David Daleiden says he decided to go after Planned Parenthood’s fetal tissue programs after a week of nightmares stemming from a conversation about it.
“I was crying and had nightmares for like seven days after that,” Daleiden said on a call with activists and media Tuesday night. “I felt this particular issue of abortion really deserved to be shouted from the rooftops.”
Twenty-six-year-old Daleiden has grabbed the attention of Congress and sparked a major battle over defunding Planned Parenthood with a series of videos exploring Planned Parenthood’s involvement in providing aborted fetal tissue for medical research.
Over 30 months, he collected hours of undercover footage with top Planned Parenthood officials and biomedical companies that contract with clinics for the tissue. He compiled it all into a series of videos, which have forced Planned Parenthood defend itself and fired up Republicans to try to strip the group’s federal dollars.
What sparked the idea for the investigation was a conversation five years ago with anti-abortion activist Mark Crutcher of Life Dynamics, Daleiden said Tuesday night in his most candid and detailed explanation of the project yet.
Crutcher made his own video more than a decade ago about Planned Parenthood’s involvement in providing aborted fetal tissue. After a three-hour conversation with Crutcher, Daleiden decided he had to do something.
What motivated him, he said, was an irony. Human fetuses are extremely useful for scientific research because they’re human. But to Daleiden and other abortion foes, the humanity of a fetus is the reason they believe abortions should be illegal in the first place.
“Their humanity is not considered fully equal enough to the rest of us in order to be fully protected by our law,” Daleiden said. “Yet it’s precisely the humanity of the unborn child that makes them so valuable for scientific exploration.”
Planned Parenthood has apologized for the “tone” used by its officials, but insists it has done nothing wrong by being compensated for fetal tissue. Federal law allows compensation — but only for overhead costs.
And that’s a key debate the videos have sparked — whether the $60 to $100 Planned Parenthood clinics appear to have collected per fetus goes beyond paying for just overhead costs. Daleiden says he’s sure it does. And bringing the public’s attention to that is the biggest positive effect of his videos, he believes.
Daleiden names two other things he feels his videos have done — they’ve proven that Planned Parenthood performs illegal abortion procedures in order to keep certain body parts intact, and show that those at the top of the organization have been involved in supplying aborted fetal tissue.

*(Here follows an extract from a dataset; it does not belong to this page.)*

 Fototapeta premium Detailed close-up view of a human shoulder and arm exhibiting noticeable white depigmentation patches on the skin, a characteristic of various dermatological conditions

“I think what may be different now because of these videos and the public discourse about abortion is that the out-of-sight, out-of-mind mantra that propels the abortion movement for so long…that is now forever gone,” he said.
Disguised as representatives of a fake human tissue company, Daleiden and a female cohort secretly recorded hours of conversations with Planned Parenthood officials and employees of biomedical companies that have contracted with some of its clinics for aborted fetal tissue.
His group founded for the project, dubbed the Center for Medical Progress, released the first video in mid-July. Daleiden has since released nine others, the most recent on Tuesday.
There’s some remaining footage that Daleiden still wants to release but hasn’t been allowed to, due to a lawsuit brought by the National Abortion Federation, the professional association for U.S. abortion providers. Daleiden took videos at the group’s annual conference.
The NAF got a temporary restraining order from a federal court in California prohibiting him from releasing the footage, arguing that he deceitfully posed as an exhibitor and signed a nondisclosure agreement that he had no intention of honoring. The association also says Daleiden’s group broke a state law barring the recording of “confidential communication” without consent.
On Monday the Center for Medical Progress asked the U.S. Court of Appeals for the Ninth Circuit to overturn the lower court’s ruling, arguing that its First Amendment rights are being violated.
Even if Daleiden isn’t able to release that particular footage, he’s gained a permanent place among anti-abortion activists as someone who’s been able to put Planned Parenthood on the hotseat, as many others have long tried to do.
“What he is revealing is something like we have never seen in the pro-life movement,” said Katie Short, who is representing Daleiden in court as an attorney for the Life Legal Defense Foundation. “Those of us who have been doing this for decades say we’ve never seen anything like this before.”